Is It Gun Violence Or Bullying That Creates The Problem

A lot of people talk about gun violence as being a top worry in today’s America. We talk about school shootings and the need to place stronger restrictions on guns. I’m here to tell you that we wouldn’t have so many school shootings if we would tackle the issue of bullying the right way. Meet Ariana prior to a bullying incident which would change her whole outlook on life. She was your normal happy kid. She loved ice cream and she was friendly.

A few years later Ariana would start a new school and become the targets of bullies. They jumped my daughter and beat on her while she was curled up in a little ball. Picture 11 kids around you, and four teachers nearby. A boy came up and saved her before they were able to do more damage.

After the attack took place Ariana tried to kill herself twice in one week. She suffered from PTSD for a while and had a hard time establishing relationships. She was so fearful of people and there was nothing I could do. I couldn’t take away those feelings and I couldn’t wipe the event from her memory.

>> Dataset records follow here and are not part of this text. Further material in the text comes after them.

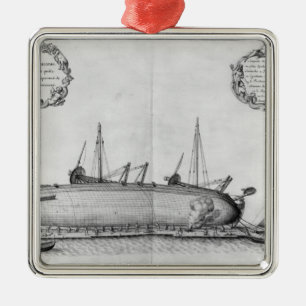 Vessel lying on its hull metal ornament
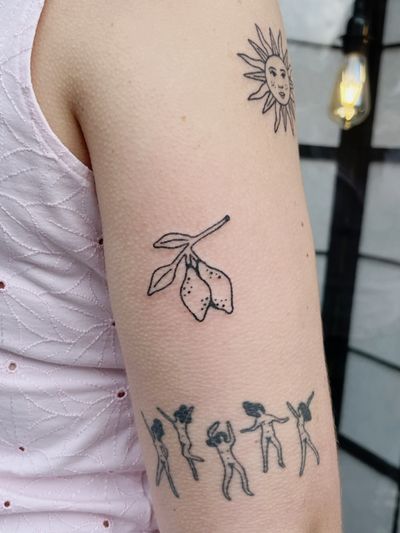 A hand-poked blackwork tattoo by Laura featuring a lemon tree branch with fruit, intricately detailed in fine lines.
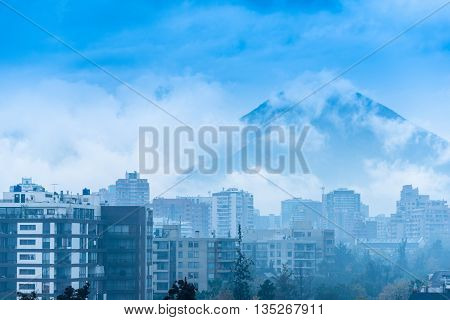 Santiago de Chile under heavy rain and fog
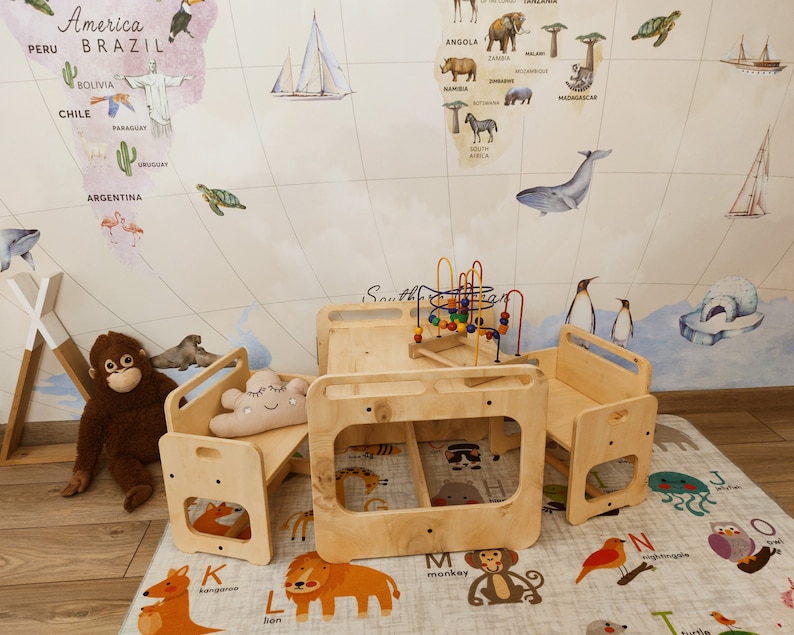 Puede incluir: Una mesa de juego de madera con dos bancos unidos y un laberinto de cuentas de colores en el centro. La mesa y los bancos son de color madera natural. La mesa est&aacute; sobre una alfombra con ilustraciones de animales y letras.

It took years before Ariana could learn how to trust people again. It took a while until we saw this smile come back, but it took us moving away from Garland and those memories before she was able to just be Ariana and not the girl who was jumped. She was mob jumped so those girls were in her school, malls, movies, and it became a constant rehabilitating issue when she would run across one. My husband said that on one occasion he and my other two daughters went out for ice cream with Ariana. One of those girls involved in the attack walked by and my daughter tried to hide in her seat.

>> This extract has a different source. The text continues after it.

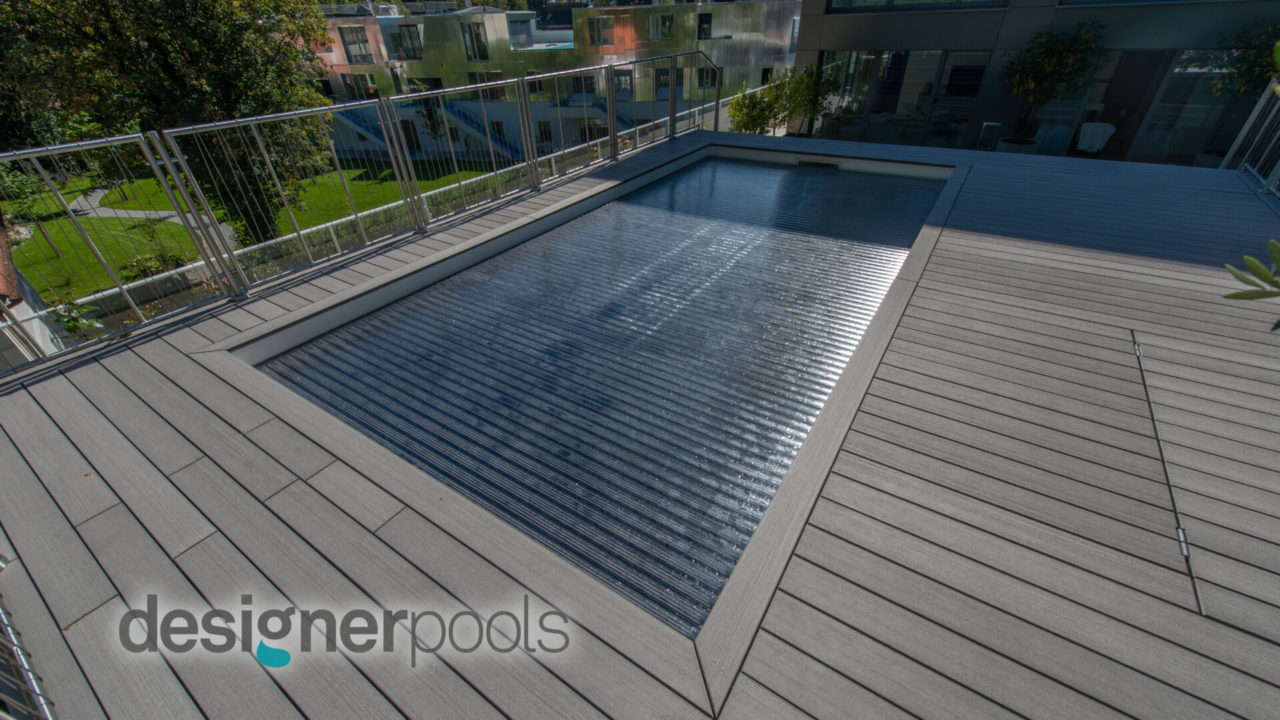 Flachskimmerpool mit Rollladenabdeckung - designerpools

We are no longer in that area and she no longer has to worry about seeing those children, but I know she still thinks about them from time to time. She’s able to make friends now, but we are still working on keeping them. So, I guess the point is, my daughter could have died three times because of the incident on April 4th. All three didn’t have a gun present, so talk to your children about the way they treat each other. Those actions often give birth to more pain.